Just a little brainstorming inspired by Nekro, a Dungeon-Keeper like game that recently finished its Kickstarted, where you play an alchemist-turned-lich trying to gain personal revenge on a tyrant with the traditional "noble king" aesthetic. Neither faction is particularly nice, but the Nekro, at least, doesn't want to destroy the world, only the King, so that he may finally completely die instead of being stuck in a horrific half-life.

Seeing as how that's the kind of fairly deep and understandable motivation that Bioware likes to give its playable evil characters, I began to wonder what would happen if they made a game entirely about those kinds of characters.

And the karma meter can be Magneto vs. Doctor Doom.

So, any brainstorming as to how this might work?

Geddoe
2013-03-02, 12:18 AM
So, like the Saint's Row series with fantasy hats?

Because you get pretty supervillain-ish as you gain more rewards for doing stuff.

Leliel
2013-03-02, 09:41 AM
So, like the Saint's Row series with fantasy hats?

Because you get pretty supervillain-ish as you gain more rewards for doing stuff.

Perhaps.

Knowing Bioware and their squeamishness when it comes to writing outright player evil, more than likely they'd play it for drama...and just as importantly, would probably avoid the real evil stuff and save it for the antagonists. Your PC and his/her party are greedy and vengeful, not genocidal.

VanBuren
2013-03-02, 04:30 PM
By which I mean, are the leader and/or high-ranking lieutenant of a traditionally villainous organization, not one where you repeatedly try to drive down your karma meter.

Just a little brainstorming inspired by Nekro, a Dungeon-Keeper like game that recently finished its Kickstarted, where you play an alchemist-turned-lich trying to gain personal revenge on a tyrant with the traditional "noble king" aesthetic. Neither faction is particularly nice, but the Nekro, at least, doesn't want to destroy the world, only the King, so that he may finally completely die instead of being stuck in a horrific half-life.

Seeing as how that's the kind of fairly deep and understandable motivation that Bioware likes to give its playable evil characters, I began to wonder what would happen if they made a game entirely about those kinds of characters.

And the karma meter can be Magneto vs. Doctor Doom.

So, any brainstorming as to how this might work?

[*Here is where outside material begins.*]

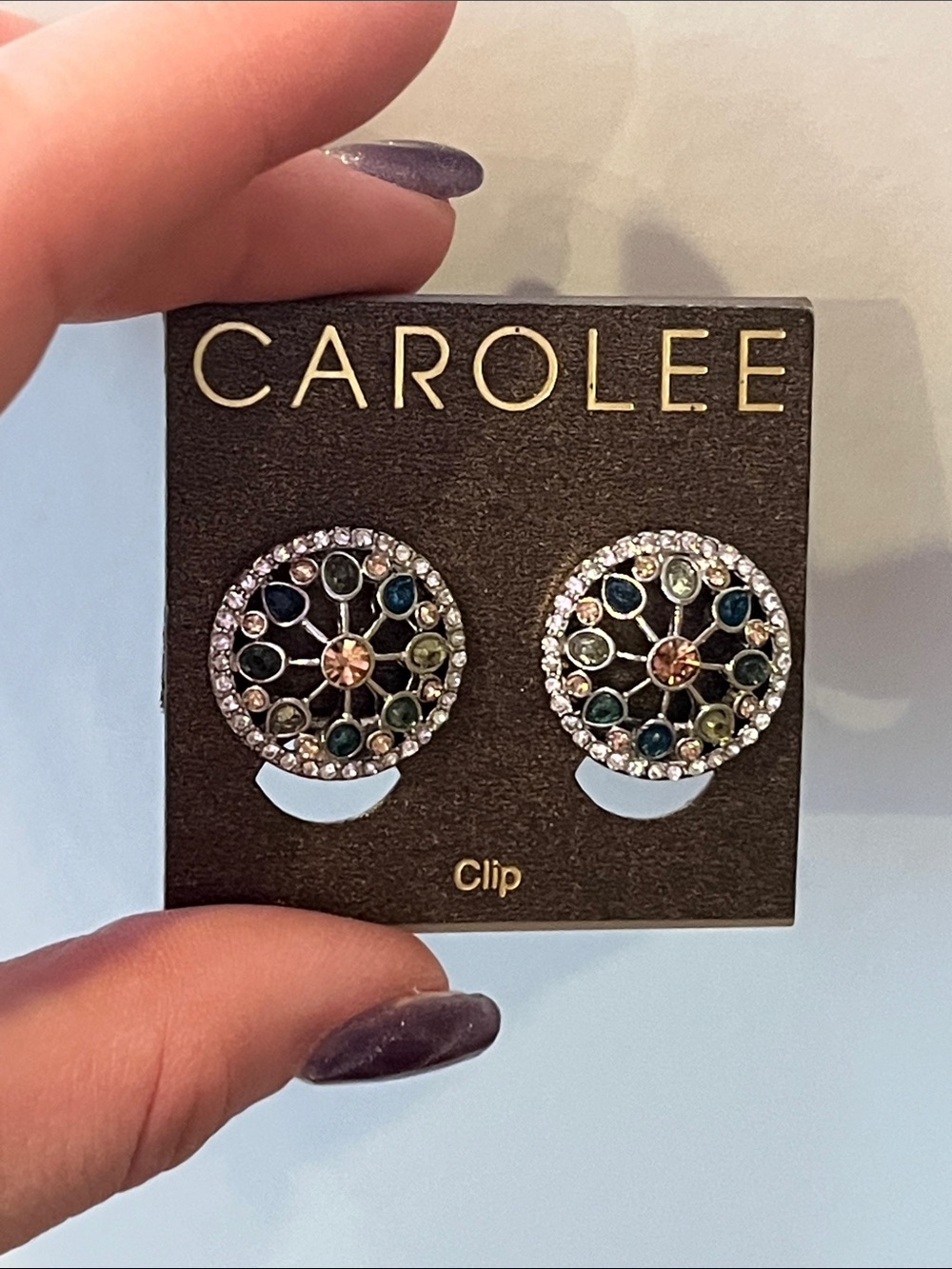 NWT Carolee Multicolor Crystal Clip-On Earrings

I'm supposed to read that sarcastically, right? I remember how morally complex the Closed Fist choices were like 80% of the time in Jade Empire.

Leliel
2013-03-02, 10:52 PM
I'm supposed to read that sarcastically, right? I remember how morally complex the Closed Fist choices were like 80% of the time in Jade Empire.

I meant the party members, not the karma meter. That's one of their flaws.

Mando Knight
2013-03-02, 10:54 PM
So, like a single player, Empire-only TOR, right?

Leliel
2013-03-02, 11:20 PM
Yeah. A lot like Empire-only TOR.

Also, speaking of characters, how about this idea I've had clanking about my head for a while?

Count Stirge, The Night Lord of Owls:

A monster hunter turned Roman vampire, Count Edmund Bathory (yes, that Bathory-don't remind him) is a case study in how seductive and ultimately tragic the line of logic "Then Let Me Be Evil" is. Ostracized and exiled by his infamous mother, the dampyr who would eventually become Count Stirge was distrusted and abused all his life, if not for his heritage and occult abilities thereof, then for his bisexuality (how the villagers found out is a story of its own-suffice to say there was one less blacksmith when they were done, and one less executioner). This would be a common motif throughout his life, even as he joined the Catholic Church and its Order of Penitent Knights (a successor to the Knights Templar). Regularly scapegoated and hated for things beyond his control, Edmund eventually tried to find a friend who would accept him despite the poor hand fate dealt him, but was used and betrayed by the only person who seemed to accept. This caused him to decide that no matter what he did, he was apparently damned by birth, so he decided that he would rather be damned on his own terms (if you inquire further about this in game, you'll also find he's made peace with being condemned to Hell-"if Mother Church was right about...anything back then, then that's where all the nice people are. I'd rather suffer in sympathy with Galileo and Bruno then twiddle my talons while enduring the screed of Torquemada and Savonarola"). He dissappeared for about a decade, and when he returned to claim vengeance on the mortals who mistreated and attacked him, he had abandoned his mortal side and become a stirge, a vampire with an instinctive ability to communicate with birds associated with death, and the ability to turn into an owl. Besides that, his own shadowy magic and necromancy abilities had amplified a hundred-fold, and as per the strange code of honor among vampires gained the ability to request the assistance of other sapient undead.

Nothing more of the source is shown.